Vocabulário
Algumas palavras se adaptam à frase ou ao contexto, mas, em resumo, há um dicionário caiçara todo próprio. Conheça algumas expressões usadas pelo pessoal das ilhas do Litoral paranaense:
Intiruma: puro ou em jejum
Munturo: lixo
Taveve: cinzas
Vanzero: onda, marola
Sanananga: molenga, mole
Alemarde: grande
Batelão: canoa
Tipumã: espuma
Refega: rajada, força (de vento, mar)
Panapaneando: perambulando, borboleteando
Argures: por aí
Pinchando: jogando
Ta safo?: Ok? Entendeu?
Talhar: terminar
Banzé: bagunça, barulho
Trabuzana: trovoada, tempestade
Pamona: pirão
Malemar: mais ou menos
Estar fiuza: estar na aba de alguém, de outra pessoa
Ciando: ciúme
Sargo: vagabundo
Emborcado: virado
Alauza: bagunça
Luzerna: fogo
Rafado: com fome
Cunhenho ou revesgueio: de lado
Pitoco: pelado
Bebidas
Cachaça, melado e muita lenda
Nas festas de fandango, além da dança e comida farta, não podia faltar uma boa bebida para animar a noite.

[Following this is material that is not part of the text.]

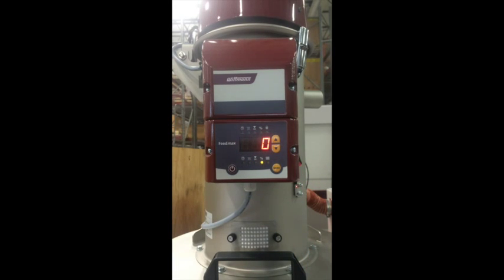Menu 4 is responsible for changing the dosing quantity. A dosing quantity can only be set if a dosing valve is available. This symbol is illuminated during the feeding of material B.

De Guaraqueçaba veio a Cataia, infusão de pinga com folhas de cataia, chamada de uísque caiçara. De Paranaguá, mais precisamente do Valadares, nasceu a Mãe Ca Filha, mistura de cachaça branca com melado de cana, em uma referência à origem das duas, que são derivadas. O morador Eloir Paulo Ribeiro de Jesus, conhecido por Poro, diz que aprendeu a receita da bebida com mestres fandangueiros da Ilha dos Valadares e que hoje produz para as festas da região, com rótulo personalizado e tudo o que se tem direito.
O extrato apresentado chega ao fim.